Create an instance of Planner and then call update_plan to generate a plan internal to the instance.
To get the state or effort at some time t, use the functions get_state(t) and get_effort(t).
"""
################################################# DEPENDENCIES
from __future__ import division
import time
import numpy as np
import numpy.linalg as npl
from .tree import Tree
from .constraints import Constraints
# Check scipy version for assume_sorted argument in interp1d
import scipy.interpolate
if int(scipy.__version__.split(".")[1]) < 16:
def interp1d(*args, **kwargs):
kwargs.pop("assume_sorted", None)
return scipy.interpolate.interp1d(*args, **kwargs)
else:
interp1d = scipy.interpolate.interp1d
from typing import Callable, Optional, Union, List, Tuple
################################################# PRIMARY CLASS
[docs]class Planner:
"""
Initializes an lqRRT planner class.
Args:
dynamics: Callable - Function that returns the next state given
the current state x and the current effort u,
and timestep dt. That is, xnext = dynamics(x, u, dt).
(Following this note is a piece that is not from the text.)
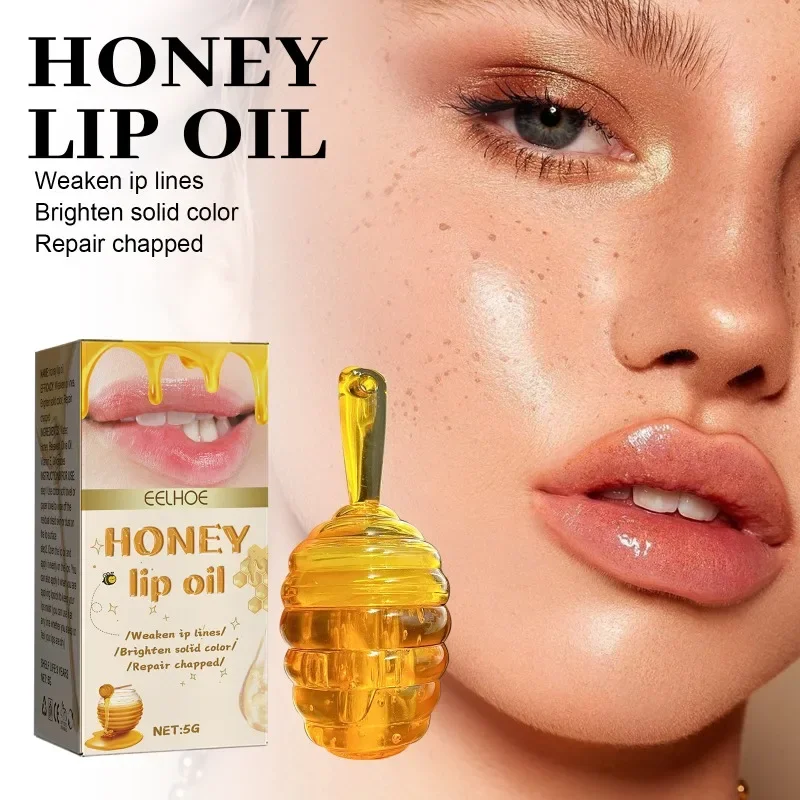 

EELHOE Lip Care Oil Hydrating Dry Skin Balm Fade Lines Long Lasting Brightening Nourishing Natural Honey Moisturizing Lip Oil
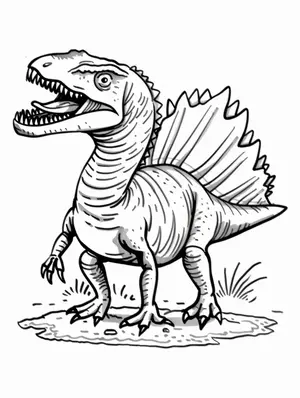 Explore the Prehistoric World with Spinosaurus Coloring Pages - 17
lqr: Callable - Function that returns the local LQR cost-to-go matrix S
and policy matrix K as a tuple of arrays (S, K) where S
solves the local Riccati equation and K is the associated
feedback gain matrix. That is, (S, K) = lqr(x, u).
constraints: Constraints - Instance of the Constraints class that defines
feasibility of states & efforts, goal region, etc...
horizon: Union[float, Tuple] - The simulation duration in seconds used
to extend the tree. If you give a tuple (min, max), an adaptive
horizon heuristic will be used.
dt: float - The simulation timestep in seconds used to extend the tree.
FPR: float - Failed Path Retention factor. When a path is grown and found to be infeasible,
this is the fraction of the path that is retained up to that infeasible point.
error_tol: float - The state error array or scalar defining controller convergence.
erf: Callable - Function that takes two states xgoal and x and returns the state error
between them. Defaults to simple subtraction xgoal - x. This is useful
if your state includes a quaternion or heading.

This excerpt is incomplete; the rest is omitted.